**DATA EXCERPTS:**
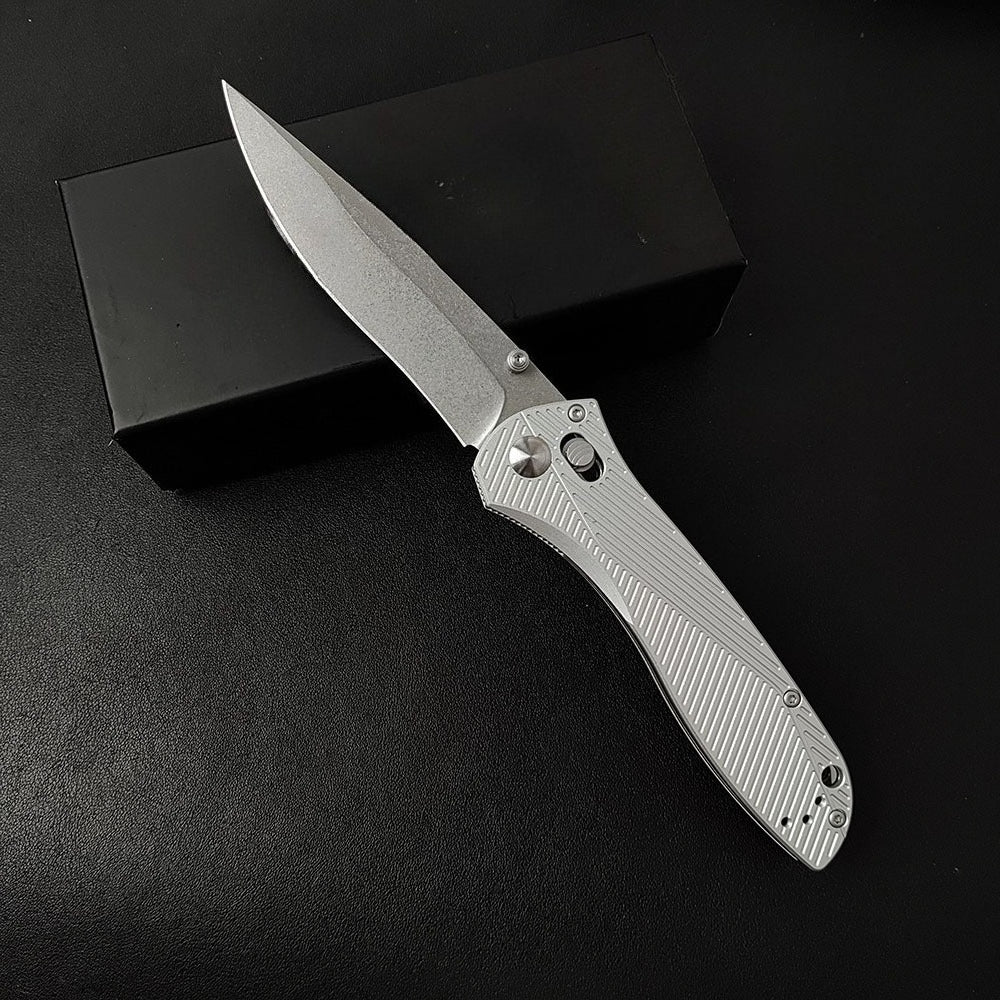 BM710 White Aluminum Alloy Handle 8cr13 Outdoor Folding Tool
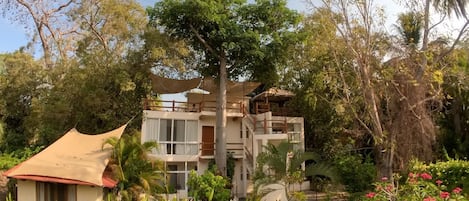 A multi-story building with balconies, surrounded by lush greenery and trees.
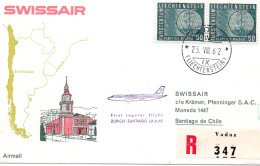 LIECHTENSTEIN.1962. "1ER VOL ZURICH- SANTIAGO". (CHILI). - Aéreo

==

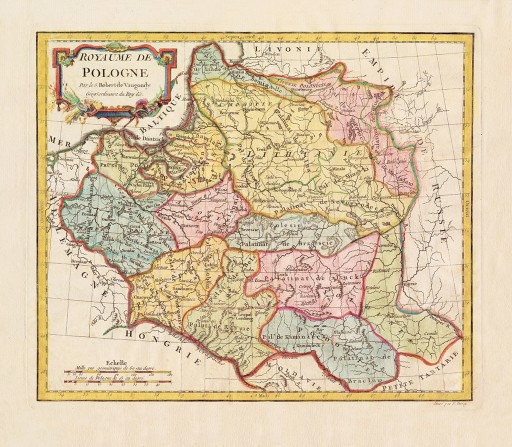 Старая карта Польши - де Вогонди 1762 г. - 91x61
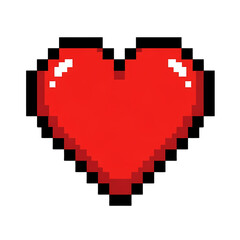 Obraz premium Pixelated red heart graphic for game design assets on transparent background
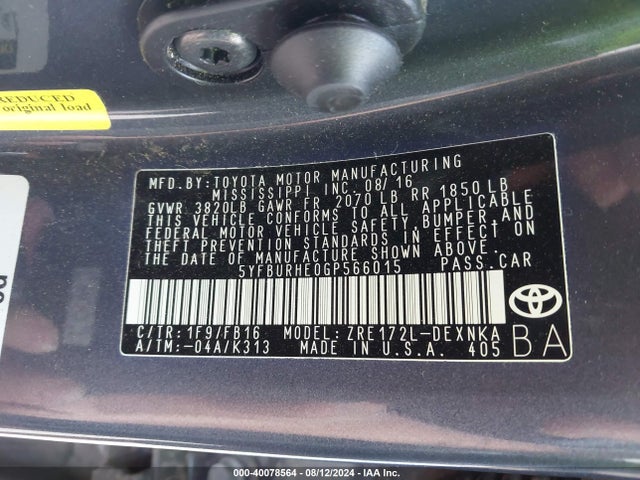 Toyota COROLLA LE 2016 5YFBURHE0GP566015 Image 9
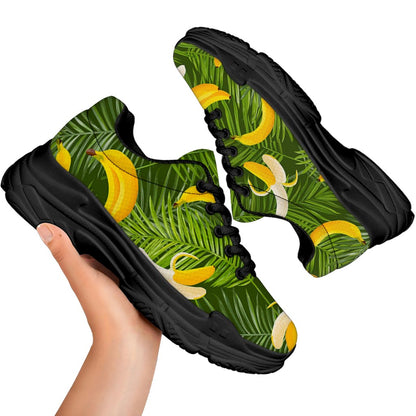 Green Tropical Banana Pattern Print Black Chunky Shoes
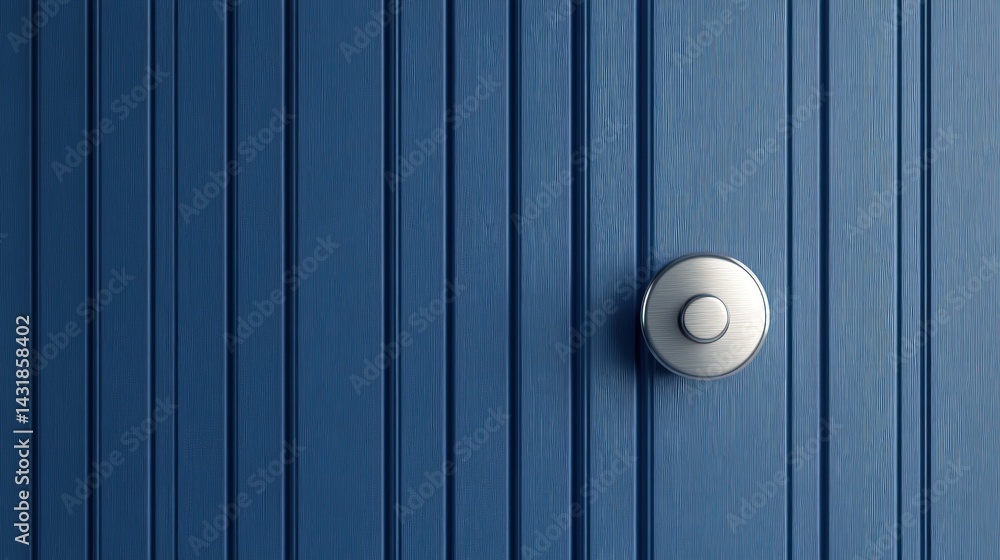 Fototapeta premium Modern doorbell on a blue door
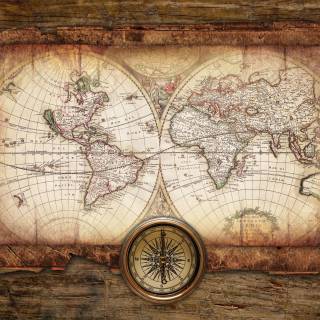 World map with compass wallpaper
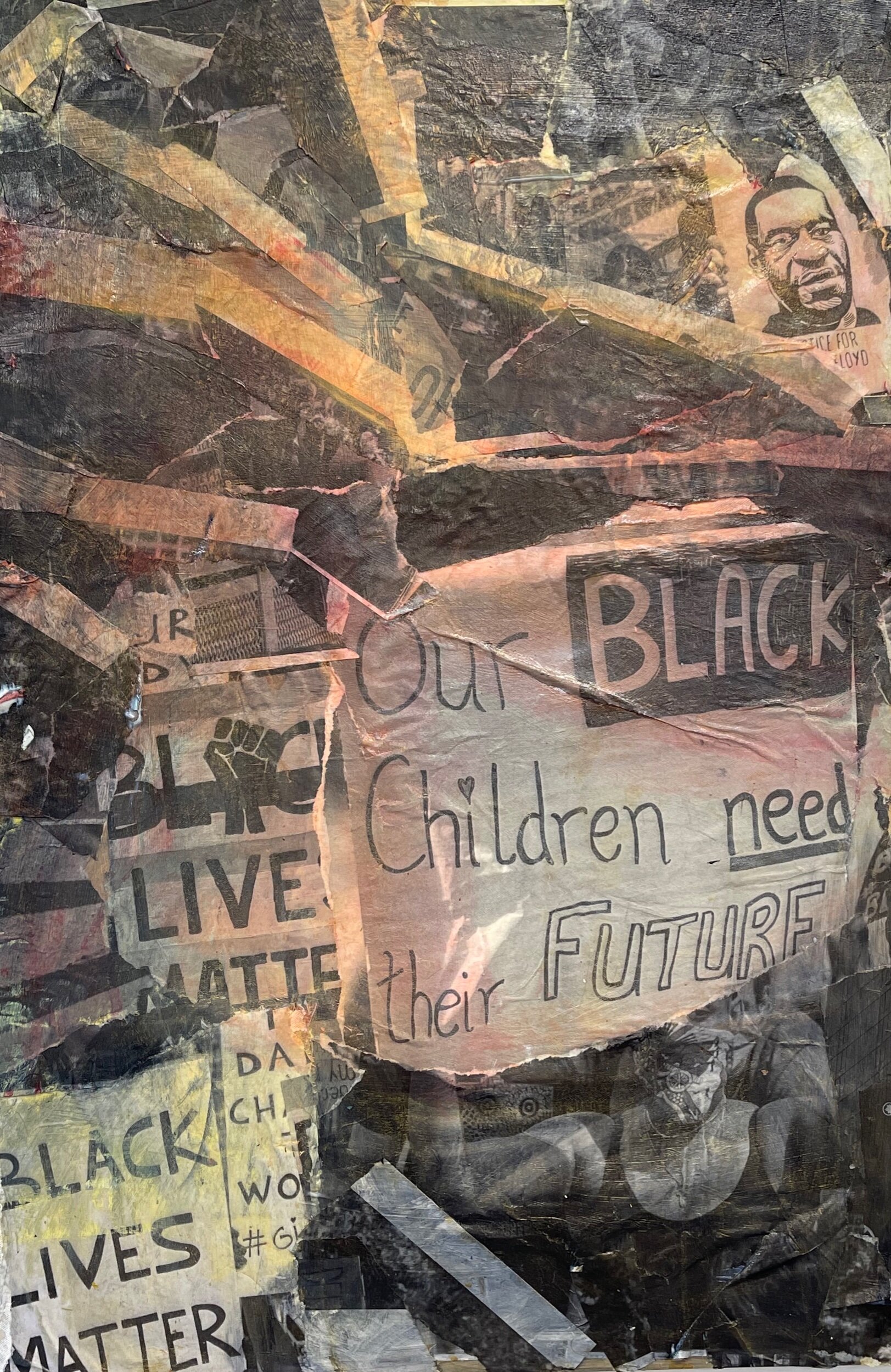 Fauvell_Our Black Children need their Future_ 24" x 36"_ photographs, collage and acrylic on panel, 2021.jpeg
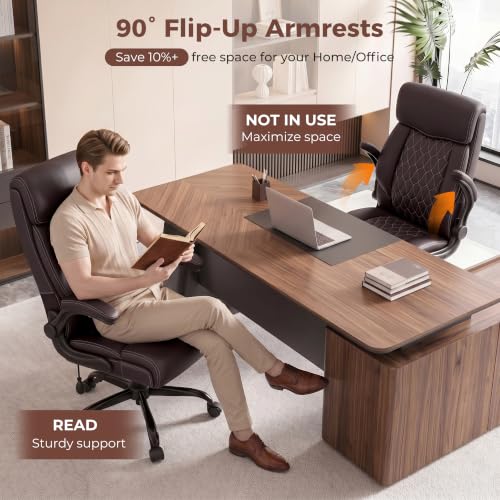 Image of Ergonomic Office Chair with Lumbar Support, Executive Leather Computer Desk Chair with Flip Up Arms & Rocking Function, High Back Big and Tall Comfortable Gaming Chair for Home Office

...

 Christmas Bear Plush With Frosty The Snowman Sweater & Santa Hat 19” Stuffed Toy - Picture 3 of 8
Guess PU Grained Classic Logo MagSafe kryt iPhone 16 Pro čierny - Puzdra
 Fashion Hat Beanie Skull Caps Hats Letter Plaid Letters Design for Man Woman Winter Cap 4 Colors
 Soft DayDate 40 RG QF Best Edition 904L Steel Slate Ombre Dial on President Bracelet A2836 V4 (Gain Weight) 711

**ASSIGNED TASK:** Your answer must be the exact lines from the records above, from the one containing "A multi-story building" through the one containing "(CHILI). - Aéreo", both included, with every picture left out.

**RESPONSE FOR THIS EXERCISE:**
 A multi-story building with balconies, surrounded by lush greenery and trees.
 LIECHTENSTEIN.1962. "1ER VOL ZURICH- SANTIAGO". (CHILI). - Aéreo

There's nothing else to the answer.